> **TASK TO CARRY OUT**
Print the listing below exactly, minus its pictures.

> **INFORMATION SHOWN**
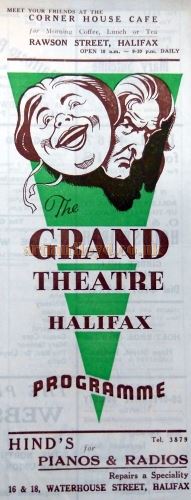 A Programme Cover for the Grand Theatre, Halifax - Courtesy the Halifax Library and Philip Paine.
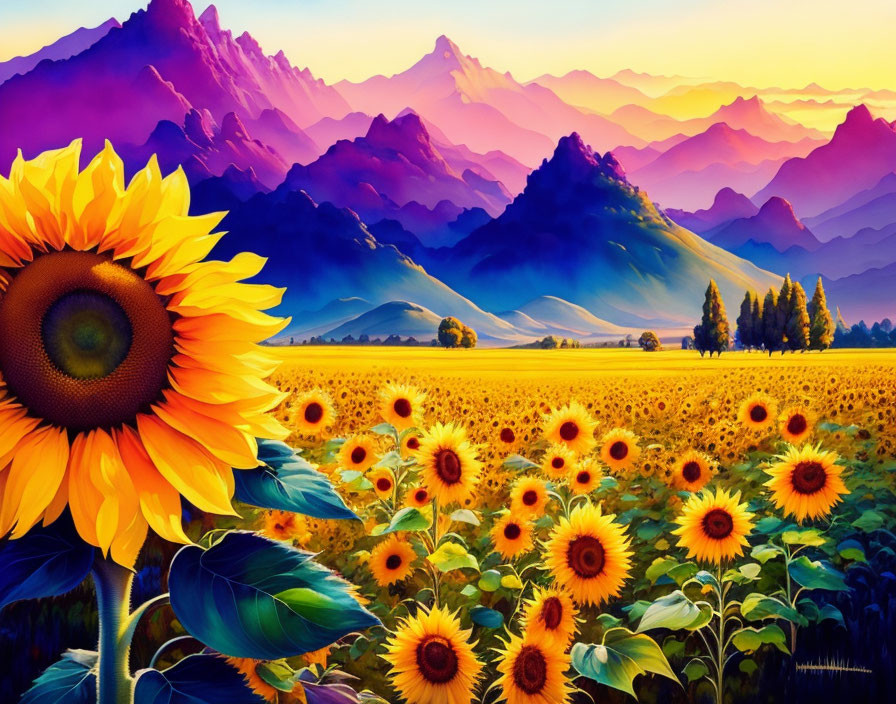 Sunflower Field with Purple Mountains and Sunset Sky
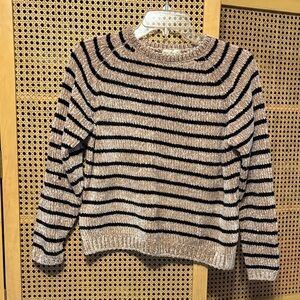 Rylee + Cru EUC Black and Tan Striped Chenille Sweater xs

> **REPLY**
 A Programme Cover for the Grand Theatre, Halifax - Courtesy the Halifax Library and Philip Paine.
 Sunflower Field with Purple Mountains and Sunset Sky
 Rylee + Cru EUC Black and Tan Striped Chenille Sweater xs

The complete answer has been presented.